Rests a single child order at the **top of book** and automatically **repegs**
it as the book moves, capped by a worst-price limit. Useful for capturing the
spread without manually chasing the market.

* **Buy peg**: rests at the current best bid, repegs up as bids rise, never
  pays more than `max_price` (the ceiling).
* **Sell peg**: rests at the current best ask, repegs down as asks fall, never
  sells below `min_price` (the floor).

**Parameters:**

| Field                 | Description                                                                                                                                                                                        |
| --------------------- | -------------------------------------------------------------------------------------------------------------------------------------------------------------------------------------------------- |
| `total_qty`           | Total quantity for the peg                                                                                                                                                                         |
| `min_price`           | Price floor — the child never rests below this (binds sell pegs). Optional; unset floors at 0                                                                                                      |
| `max_price`           | Price ceiling — the child never rests above this (binds buy pegs). Optional; unset ceils at 1                                                                                                      |
| `post_only`           | If true, a repeg that would cross the book cancels the peg instead of taking                                                                                                                       |
| `peg_min_stay_time_s` | Optional minimum seconds the child must rest before a price-driven repeg fires                                                                                                                     |
| `max_qty_level`       | Penny-jump threshold (contracts).
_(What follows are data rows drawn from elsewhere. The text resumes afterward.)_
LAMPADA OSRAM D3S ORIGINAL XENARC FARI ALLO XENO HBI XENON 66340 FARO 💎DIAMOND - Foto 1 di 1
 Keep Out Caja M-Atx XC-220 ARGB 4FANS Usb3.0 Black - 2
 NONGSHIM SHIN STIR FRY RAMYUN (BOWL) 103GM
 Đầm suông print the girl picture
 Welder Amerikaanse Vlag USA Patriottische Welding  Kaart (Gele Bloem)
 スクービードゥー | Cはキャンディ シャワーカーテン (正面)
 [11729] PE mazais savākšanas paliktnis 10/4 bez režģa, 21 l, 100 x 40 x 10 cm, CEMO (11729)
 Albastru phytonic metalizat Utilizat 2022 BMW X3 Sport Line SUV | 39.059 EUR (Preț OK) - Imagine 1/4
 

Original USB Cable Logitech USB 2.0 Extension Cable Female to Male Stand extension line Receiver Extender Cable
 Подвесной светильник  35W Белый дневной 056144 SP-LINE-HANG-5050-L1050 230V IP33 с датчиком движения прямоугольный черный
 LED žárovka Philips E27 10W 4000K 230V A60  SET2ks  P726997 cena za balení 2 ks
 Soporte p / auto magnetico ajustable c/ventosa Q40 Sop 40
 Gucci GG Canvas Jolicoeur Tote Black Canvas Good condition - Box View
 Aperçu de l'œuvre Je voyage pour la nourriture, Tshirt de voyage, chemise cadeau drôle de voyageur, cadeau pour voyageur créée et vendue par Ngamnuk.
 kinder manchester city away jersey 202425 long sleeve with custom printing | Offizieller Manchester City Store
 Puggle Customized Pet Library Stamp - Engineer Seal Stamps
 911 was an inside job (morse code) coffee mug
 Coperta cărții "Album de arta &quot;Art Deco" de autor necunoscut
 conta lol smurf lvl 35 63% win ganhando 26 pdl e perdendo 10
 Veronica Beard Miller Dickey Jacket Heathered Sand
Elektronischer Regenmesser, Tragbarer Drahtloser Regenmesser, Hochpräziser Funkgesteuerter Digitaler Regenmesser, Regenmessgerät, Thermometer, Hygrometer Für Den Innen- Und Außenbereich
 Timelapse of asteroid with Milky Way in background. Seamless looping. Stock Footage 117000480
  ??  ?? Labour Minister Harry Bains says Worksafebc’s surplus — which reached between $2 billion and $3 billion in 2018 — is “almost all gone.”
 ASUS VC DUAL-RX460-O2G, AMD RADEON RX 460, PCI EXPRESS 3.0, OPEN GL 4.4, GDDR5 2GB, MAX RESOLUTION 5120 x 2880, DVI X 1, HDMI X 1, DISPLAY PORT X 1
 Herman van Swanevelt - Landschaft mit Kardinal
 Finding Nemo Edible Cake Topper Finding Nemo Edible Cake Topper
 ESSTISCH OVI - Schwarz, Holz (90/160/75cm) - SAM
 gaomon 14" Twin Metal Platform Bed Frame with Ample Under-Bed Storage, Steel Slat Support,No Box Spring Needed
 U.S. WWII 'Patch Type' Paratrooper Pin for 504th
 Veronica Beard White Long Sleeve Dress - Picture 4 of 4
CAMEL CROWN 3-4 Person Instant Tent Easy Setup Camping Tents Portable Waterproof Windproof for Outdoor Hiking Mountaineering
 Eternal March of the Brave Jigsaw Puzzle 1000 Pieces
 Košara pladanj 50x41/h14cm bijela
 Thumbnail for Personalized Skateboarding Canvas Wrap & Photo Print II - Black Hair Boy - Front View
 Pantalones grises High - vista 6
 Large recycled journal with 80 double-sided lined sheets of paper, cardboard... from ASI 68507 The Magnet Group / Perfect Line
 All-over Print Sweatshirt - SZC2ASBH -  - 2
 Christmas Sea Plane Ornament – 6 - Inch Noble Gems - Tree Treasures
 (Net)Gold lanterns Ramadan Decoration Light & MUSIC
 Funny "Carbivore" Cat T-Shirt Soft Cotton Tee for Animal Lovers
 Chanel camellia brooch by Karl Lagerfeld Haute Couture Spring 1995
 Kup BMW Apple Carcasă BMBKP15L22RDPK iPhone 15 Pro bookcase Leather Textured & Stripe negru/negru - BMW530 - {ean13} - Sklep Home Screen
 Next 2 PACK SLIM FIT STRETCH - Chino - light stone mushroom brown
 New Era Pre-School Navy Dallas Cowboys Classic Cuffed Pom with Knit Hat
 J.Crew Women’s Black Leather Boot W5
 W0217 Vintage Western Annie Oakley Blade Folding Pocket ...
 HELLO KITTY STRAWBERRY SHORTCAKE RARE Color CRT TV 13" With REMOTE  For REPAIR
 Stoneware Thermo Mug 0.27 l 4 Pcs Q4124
If the level the peg would join holds more than this many contracts, rest one tick tighter instead (if not crossing the book and not already quoting the level). |
| `expiry_ts_utc`       | Optional GTD expiry for the resting child                                                                                                                                                          |

```
The best bid is $0.48, best ask is $0.50, you want to buy up to $0.49.
→ Peg BUY total_qty=200, max_price=0.49
→ Post 200 @ $0.48 (top of book)
→ Best bid moves to $0.485 → repeg to $0.485
→ Best bid moves to $0.495 → would exceed max_price → child stays at $0.49
→ Best bid moves to $0.51 → exceeds max, peg cancels (or stays at $0.49 until cancel/expiry)

With max_qty_level=5000:
→ Best bid moves to $0.49 showing 8,000 contracts → rather than joining that
  queue, post 200 @ $0.491 (one tick inside the spread), ahead of the 8,000.
```

<Note>
  `post_only=true` is recommended for makers — without it, a fast-moving book
  could cause a repeg to cross and consume liquidity at your limit price.
</Note>

### Smart Taker

Rests **nothing** on the book. Instead it watches the opposite side and fires an
**IOC clip** the moment at least `min_qty` of acceptable liquidity (priced within
`limit_price`) appears, repeating until `total_qty` is filled. Use it to take
size opportunistically — without showing your intent or chasing the market — and
only when the fill is worth the taker fee and spread.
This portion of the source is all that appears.